Neste livro de 180 páginas, Zetho Cunha Gonçalves organizou um puzzle: «um livro irreverente e indisciplinador, um hino à liberdade e um libelo contra toda e qualquer forma de censura, de prepotência, de submissão e de conformismo». Fernando Pessoa (que para José Régio não era um criador mas um assimilador) coloca em 1926 a história do conto do vigário no Ribatejo apesar de a mesma sempre ter sido referida como citadina e passada junto às estações do Rossio ou S. Apolónia.

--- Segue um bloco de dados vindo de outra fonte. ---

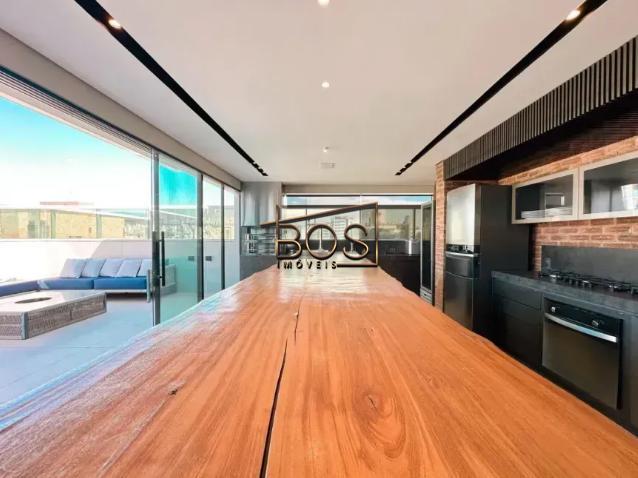 Cobertura, Centro, 3 Quartos, 4 Vagas, 2 Suítes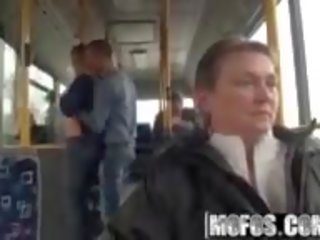 ليندسي اولسن - -مارس الجنس الحمار في ال جمهور حافلة - mofos.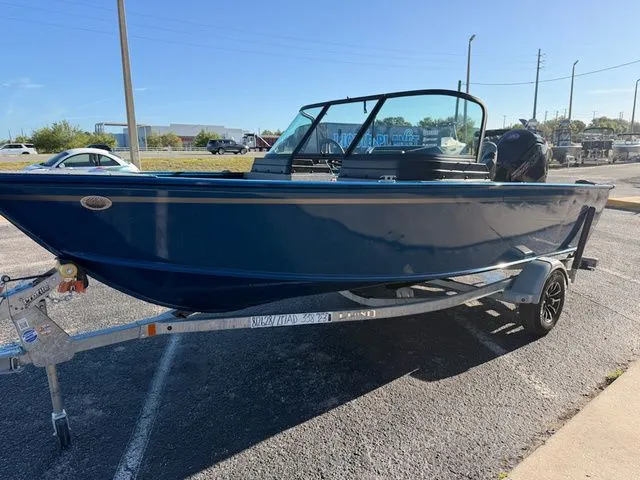 Slide: The Image of Lund 1775 Adventure Sport 2026 - 6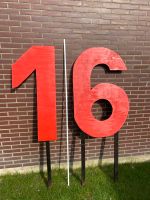 16 Sechszehn aus Holz rot für Geburtstage Niedersachsen - Damme Vorschau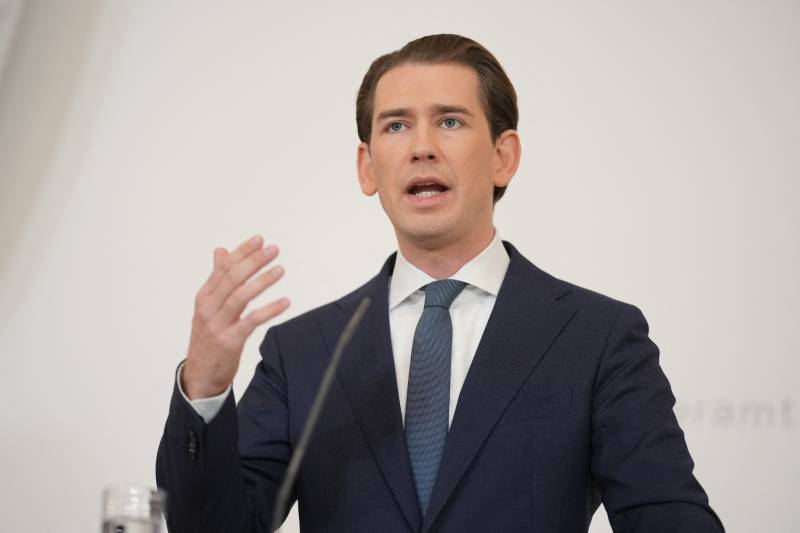 Austrian Chancellor Kurz steps down amid graft claims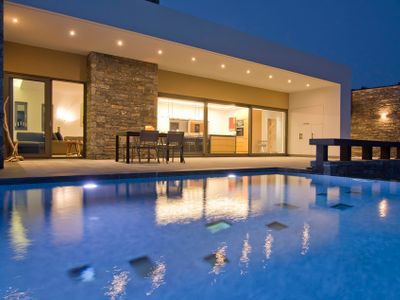 Villa Faros, 4 BD, 3 BA, private infinity pool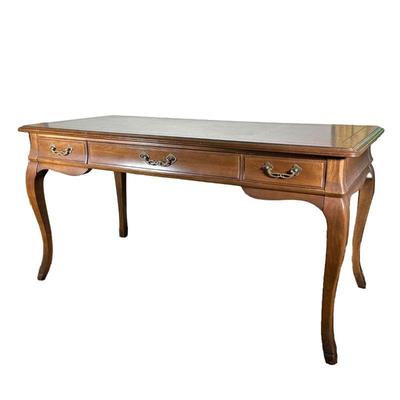 DREXEL CHIPPENDALE STYLE DESK | Carved wood desk with large central drawer and 2 small drawers in either side. - l. 60 x w. 27 x h. 30.25...
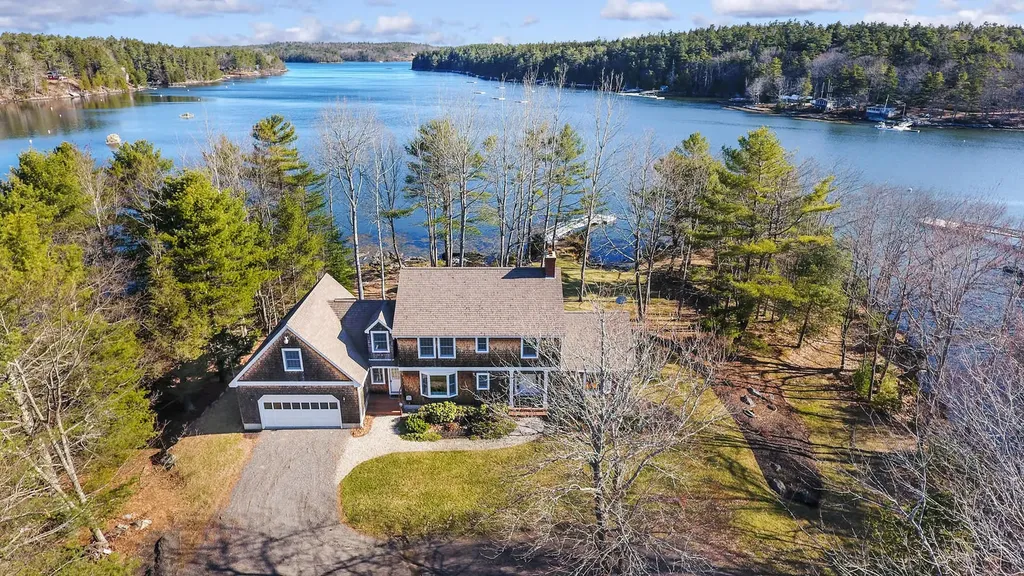 68 Narrows Way Georgetown ME 04548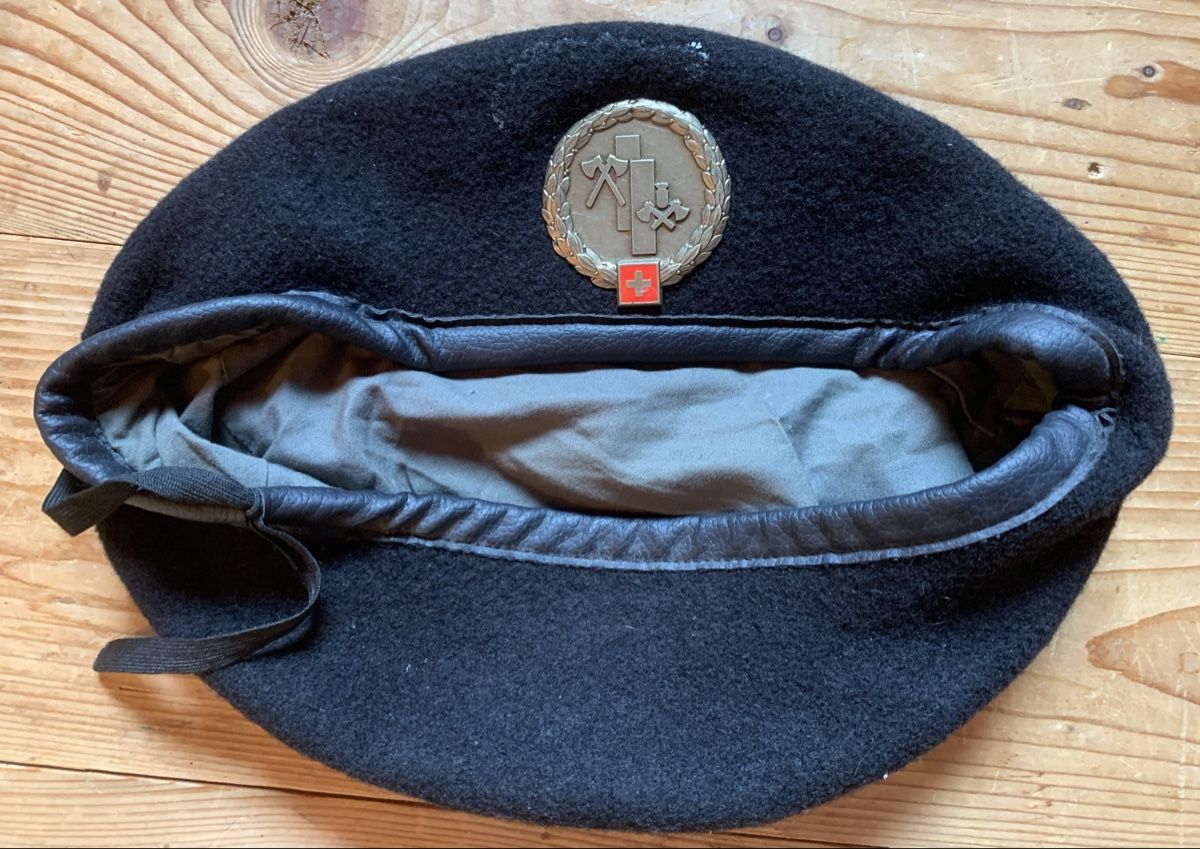 Schweizer Armee Copricapi, berretti & cappellini: 3 Beret der CH Armee – Usato da Goldingen venduto da Bergler012 2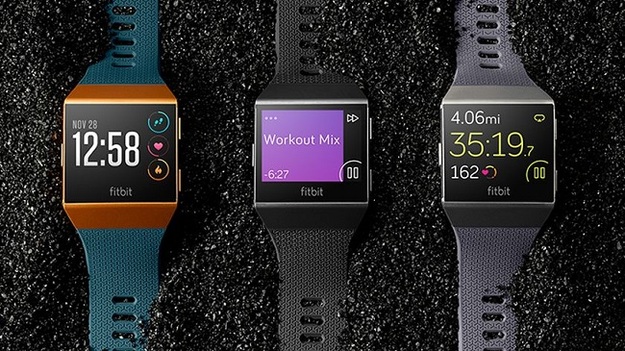 Компания Fitbit, специализирующаяся на электронике и носимых устройствах, в сотрудничестве с Visa, Mastercard и American Express выпустила смарт-часы с функцией NFC-платежей.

E, depois de afirmar que «a literatura é uma confissão de que a vida não basta», inventa um Banqueiro anarquista: «As injustiças da Natureza, vá: não as podemos evitar. Agora as da sociedade e das suas convenções – essas, por que não evitá-las?»
Nas fábulas breves F. P. surpreende sempre. Seja na referência a Roma («Cuidado com as lágrimas, quando são estadistas os que as choram») seja em «Eu, o doutor» («Na vida social somos o que os outros nos julgam») ou, de novo, na política: «A política partidária é a arte de dizer a mesma coisa de duas maneiras diferentes». Nos três contos de O. Henry, F.P. mostra-se um hábil tradutor; vejamos o final de um conto: «Sr. Bridger, sou de Kentucky e tenho visto muito em matéria de homens e de bichos. E ainda não vi um homem que gostasse muito de cavalos e de cães que não fosse cruel para as mulheres».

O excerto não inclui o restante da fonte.